Folgende Gründe für Transaktionsabbrüche im E-Commerce sind am häufigsten:
Der erste Grund bezieht sich ausschließlich auf die Produkt-Ebene. Hier haben Einkauf (Sortiment) und vereinfachte Übersicht in Form von verbesserter Suchfunktion und Filtereinsatz den größten Einfluss. Dabei spielt eine Lokalisierung der Nutzeroberfläche eine gravierende Rolle. So müsse sich jedes E-Commerce Unternehmen in erster Linie die Frage stellen: „Wie soll mein Shop aufgebaut werden, um es dem Kunden am leichtesten zu machen, intuitiv die passenden Produkte zu finden?“
Der zweite Grund liegt einzig und allein im Rahmen des Begriffs „Erwartungsmanagement“. In vielen Fällen werden vom Markt bzw. Wettbewerb schon bestehende Benchmarks gesetzt. Im Bereich „Versand“ sind die Benchmarks in den großen Märkten häufig von Unternehmen wie Amazon bereits aufgestellt. Trotzdem muss nicht jedes Unternehmen diese Benchmark einhalten, wenn es im Gegenzug dem Kunden einen größeren Mehrwert bieten kann und dem Kunden gleichzeitig plausibel erklären kann, warum die Dienstleistung längere Lieferzeiten benötigt. Das Erwartungsmanagement ist jedoch kein Freifahrtschein für lange Lieferzeiten.
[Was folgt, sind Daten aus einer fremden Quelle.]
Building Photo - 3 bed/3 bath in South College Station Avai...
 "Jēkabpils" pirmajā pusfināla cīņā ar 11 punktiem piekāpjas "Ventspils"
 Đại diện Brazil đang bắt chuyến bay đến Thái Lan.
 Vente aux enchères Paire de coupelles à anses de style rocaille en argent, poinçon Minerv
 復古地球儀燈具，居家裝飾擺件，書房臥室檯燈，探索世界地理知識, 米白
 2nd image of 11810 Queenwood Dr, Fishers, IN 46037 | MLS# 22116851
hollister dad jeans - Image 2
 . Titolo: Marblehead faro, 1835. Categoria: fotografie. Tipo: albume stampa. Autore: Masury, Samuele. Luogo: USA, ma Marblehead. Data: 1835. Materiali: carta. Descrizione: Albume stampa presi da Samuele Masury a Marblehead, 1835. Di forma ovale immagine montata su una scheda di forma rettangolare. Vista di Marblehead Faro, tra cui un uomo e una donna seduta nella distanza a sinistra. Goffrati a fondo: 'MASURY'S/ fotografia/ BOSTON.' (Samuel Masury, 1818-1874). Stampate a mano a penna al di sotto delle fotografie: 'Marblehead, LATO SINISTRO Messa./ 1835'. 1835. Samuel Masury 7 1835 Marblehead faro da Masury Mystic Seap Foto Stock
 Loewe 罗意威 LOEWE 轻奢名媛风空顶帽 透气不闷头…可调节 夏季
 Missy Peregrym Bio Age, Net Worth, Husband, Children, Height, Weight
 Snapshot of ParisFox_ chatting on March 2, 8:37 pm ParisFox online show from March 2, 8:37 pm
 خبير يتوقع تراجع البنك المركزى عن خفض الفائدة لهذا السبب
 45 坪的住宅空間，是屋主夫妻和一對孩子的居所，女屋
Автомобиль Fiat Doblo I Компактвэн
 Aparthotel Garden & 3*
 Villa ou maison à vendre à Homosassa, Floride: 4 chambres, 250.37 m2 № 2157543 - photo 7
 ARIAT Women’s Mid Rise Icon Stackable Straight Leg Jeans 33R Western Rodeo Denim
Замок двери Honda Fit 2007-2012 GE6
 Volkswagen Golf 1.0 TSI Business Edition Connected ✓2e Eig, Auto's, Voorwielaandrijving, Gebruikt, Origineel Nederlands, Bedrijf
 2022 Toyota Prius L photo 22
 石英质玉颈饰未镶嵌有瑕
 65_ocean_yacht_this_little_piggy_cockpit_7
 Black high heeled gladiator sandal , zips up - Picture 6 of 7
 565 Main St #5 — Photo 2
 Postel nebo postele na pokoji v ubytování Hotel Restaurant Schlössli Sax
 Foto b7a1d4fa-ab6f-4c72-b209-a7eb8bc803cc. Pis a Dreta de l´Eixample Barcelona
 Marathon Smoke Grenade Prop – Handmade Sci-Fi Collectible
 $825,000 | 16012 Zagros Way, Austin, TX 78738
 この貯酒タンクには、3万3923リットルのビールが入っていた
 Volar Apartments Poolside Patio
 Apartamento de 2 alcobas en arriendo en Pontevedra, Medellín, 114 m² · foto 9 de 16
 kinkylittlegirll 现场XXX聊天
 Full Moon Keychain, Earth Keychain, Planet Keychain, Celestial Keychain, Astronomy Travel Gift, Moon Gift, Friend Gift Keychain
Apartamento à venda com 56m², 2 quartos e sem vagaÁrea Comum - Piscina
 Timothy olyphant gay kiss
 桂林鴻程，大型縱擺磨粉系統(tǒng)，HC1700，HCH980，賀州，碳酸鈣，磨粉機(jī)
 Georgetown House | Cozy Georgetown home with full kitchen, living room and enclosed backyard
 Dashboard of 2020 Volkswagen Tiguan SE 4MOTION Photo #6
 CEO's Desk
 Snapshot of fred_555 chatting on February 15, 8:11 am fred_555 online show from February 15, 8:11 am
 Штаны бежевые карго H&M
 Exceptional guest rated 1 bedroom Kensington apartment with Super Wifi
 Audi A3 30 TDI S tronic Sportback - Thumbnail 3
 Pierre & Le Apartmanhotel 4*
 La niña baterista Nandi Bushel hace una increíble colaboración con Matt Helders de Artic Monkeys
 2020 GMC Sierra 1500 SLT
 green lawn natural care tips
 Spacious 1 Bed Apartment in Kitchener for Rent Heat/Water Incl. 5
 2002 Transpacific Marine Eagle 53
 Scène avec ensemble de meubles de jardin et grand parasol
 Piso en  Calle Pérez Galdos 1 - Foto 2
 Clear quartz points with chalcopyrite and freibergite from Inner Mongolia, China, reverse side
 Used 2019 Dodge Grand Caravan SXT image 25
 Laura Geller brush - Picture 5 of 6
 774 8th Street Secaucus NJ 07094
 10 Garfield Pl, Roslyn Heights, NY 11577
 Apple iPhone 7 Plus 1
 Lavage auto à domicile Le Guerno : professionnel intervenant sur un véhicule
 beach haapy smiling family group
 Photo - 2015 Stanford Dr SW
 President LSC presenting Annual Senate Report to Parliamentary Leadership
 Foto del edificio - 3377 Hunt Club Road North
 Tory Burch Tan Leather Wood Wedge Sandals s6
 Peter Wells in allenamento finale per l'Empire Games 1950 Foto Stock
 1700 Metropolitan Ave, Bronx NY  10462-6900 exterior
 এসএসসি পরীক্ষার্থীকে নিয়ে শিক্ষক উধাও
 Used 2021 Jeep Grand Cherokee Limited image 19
Schließlich muss sich jedes Unternehmen die Frage stellen, ob es weitere Möglichkeiten gibt, seine Produktions- und Logistikprozesse soweit zu beschleunigen, dass die Lücke zur Benchmark auf das Minimum verringert wird.
Der dritte Grund hat möglicherweise den größten Ausschlussfaktor für eine grundsätzlich interessierte Kundschaft, denn der Zahlungsvorgang ist in seiner Sensibilität die Vertrauensvisitenkarte des E-Commerce. Ein E-Commerce, dass mit zertifizierten und bekannten Zahlungspartnern arbeitet; Zahlungspartner, die Vertrauen für den Kunden erwecken; Zahlungspartner, die vielen Kunden zugänglich sind; erzeugt bei dem Kunden ein Sicherheitsgefühl und bietet gleichzeitig eine für den Kunden bequeme Bezahlmethode. Zu diesen Methoden und Partnern gehören die bekannten Online Zahlungsdienstleister, SOFORT Überweisung, V-Pay, u.Ä.
Kunden, die der Zahlungsmethode nicht vertrauen oder keinen Zugang zu dieser haben, werden nicht nur den Kauf abbrechen – sie werden nie mehr zurückkommen.
„Dem Kunden eine Stimme geben“ heißt nicht „customer knows best“. Es bedeutet in erster Linie, den Kunden mit den Informationen und Möglichkeiten auszustatten, die er erwartet bzw. seine Erwartungen zu übertreffen. Das erreichen wir, wenn wir dem Kunden eine Bühne (oder das Gefühl einer Bühne) geben, sich Gehör zu verschaffen und erhört zu werden. Doch wäre es nicht einfacher, wenn durch Wissen über die Kunden, ein Unternehmen in der Lage wäre, den Kunden die Wünsche von den Lippen zu lesen?